Se ha dicho muchas veces porque sigue funcionando, pero hay en ciencia política pocos razonamientos probados tantas veces como la llamada ley de las oligarquías. Michels, junto con otros teóricos de las élites, afirma que los partidos políticos tienen un carácter profundamente conservador. En la existencia de luchas ideológicas al interior o en los límites de la organización, en su aspiración por conseguir el mayor número de votos posibles, así como en la necesidad metódica de organizar a las masas electorales, está implícita la creación de liderazgos que centralizan el poder de forma antidemocrática. Liderazgos especializados, con las necesidades vitales resueltas, que viven para la gestión del poder.

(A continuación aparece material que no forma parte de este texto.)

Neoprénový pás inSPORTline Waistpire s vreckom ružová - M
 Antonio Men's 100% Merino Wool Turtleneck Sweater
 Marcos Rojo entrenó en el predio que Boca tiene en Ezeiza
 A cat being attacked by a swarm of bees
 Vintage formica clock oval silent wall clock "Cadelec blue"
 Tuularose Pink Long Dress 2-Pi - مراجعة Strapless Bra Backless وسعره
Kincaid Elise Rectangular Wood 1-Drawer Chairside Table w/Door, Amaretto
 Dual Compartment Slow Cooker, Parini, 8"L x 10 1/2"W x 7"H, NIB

A medida que la organización crece en su estructura y las doctrinas partidarias son atenuadas y reformadas, el partido pasa a formar parte de un sistema político de mayor escala y la organización, en lugar de ser un medio, se convierte en un fin en sí mismo. En resumen, la ley de hierro de la oligarquía explica que toda organización partidaria genera y reproduce un poder oligárquico fundado sobre una base democrática, en la que el liderazgo es una condición necesaria y un supuesto técnico para su constitución y desarrollo.
En el desarrollo del argumento de Michels sobre la ley de hierro y su atinada descripción al respecto de la formación de élites internas a partir de tendencias oligárquicas propias de los partidos, puede encontrarse también un desprecio profundo por la masa y su “necesidad de liderazgo”. Pero son algunos de esos liderazgos, los llamados populistas, los que rompen los ciclos de oligarquización y remueven buena parte de las costumbres burocráticas de los partidos. Lo hizo Andrés Manuel López Obrador en el PRD, y lo han hecho en la historia del mundo populistas de diversas orientaciones políticas, casi siempre interrumpiendo el ciclo y abriendo paso a la democratización que, sin embargo, cae casi de nuevo siempre en un inmovilismo burocrático.
Es impresionante la velocidad en que esos sectores han tomado el mando en Morena, tanto en los grupos cercanos a la ex dirigente, como entre quienes la derrotaron en el tribunal. Hay, desde luego, en estas pugnas burocráticas, sectores más nuevos y más viejos, menos y más inmorales, más y menos ideológicos, menos y más legítimos. No es ese el tema, sino que la vida orgánica, por las condiciones materiales de existencia de cientos de miles de militantes, se queda en unos cuantos cientos, y además —con el trabajómetro en mano—, se justifica que así sea.
Cientos de miles de militantes que no pueden estar en la grilla cotidiana no son parte de lo que sucede en Morena. Eso es quizá lo que explica que la intención de voto por el partido redujera 10 puntos en un año, y que sea apenas la mitad que la aprobación del presidente López Obrador. Además de restaurar el prestigio luego del papelón de las broncas internas, habrá que pensar métodos para ampliar la participación, virtuales acaso, que permitan salir de la lógica oligárquica para dar vida al que pretende ser un partido-movimiento y que va bastante atrás del gobierno de la República. Eso, o rezar para que aparezca un nuevo gran líder de la nada.